Here are the main issues concerned:

Food Security:  This all depends on cost.  Many of the above-linked articles mention this feed-the-world aspect, as do many pronouncements regarding new foodstuffs.  I'll believe it when I see it.

Health:  I see a marginal improvement here over factory farmed meat.  I'm confident the level of cholesterol and fat can be modified to some extent.  Yet I doubt the vat meat will catch up with an animal-free diet.

Sustainability:  Will the resources going in to this be much more than what we get out?  I think it can be more efficient to grow only a blob of muscle and not the bones, skin, hair, brain, and so on.  However, it all depends on what and how much is fed to the vat meat to make it grow.

Woo:  Woo is that irrationality that is always in play with such visceral and emotional choices.  People really like the whole charade that is natural food.  Some would rather smoke natural cigarettes than eat something sciency, even if the former is much more likely to kill them.  The only way I see around this is to suppress labeling so a consumer does not know if the meat they bought came from a factory farm or not.  This has certainly worked in the past, so it should work here as well.
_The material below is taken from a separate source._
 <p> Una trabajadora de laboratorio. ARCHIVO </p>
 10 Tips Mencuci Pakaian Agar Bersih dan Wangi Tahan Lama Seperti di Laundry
Taste:  It bugs me that this is a main issue.  I don't think anyone likes the flavor meat with no additions or adulterations.  Most omnivores char it, season it, and put it with other ingredients, burying the flavor of the meat.  Then at the next meal, they eat something different.  But that's beside the point.  Theoretically the meat from the lab will taste the same as meat from the factory farm, though no one has tasted the progress so far.  So take that entire lack of empirical evidence how you will.

Cost:  That's the big issue.  I don't hear much about companies doing this, only labs.  This hints that the potential profits are low, if not negative.  However, labs may be dabbling in this area as the technology is closely related to growing human organs in vitro and engineering meat (mostly muscle) should be easier than engineering a heart.  But I'm not sure doing this in a lab/factory will be more cost efficient than a factory farm.  Sure, they could engineer Kobe beef or some high-end stuff, but I'm not sure the people who like organic beef from cows massaged by hand will go for something from a factory.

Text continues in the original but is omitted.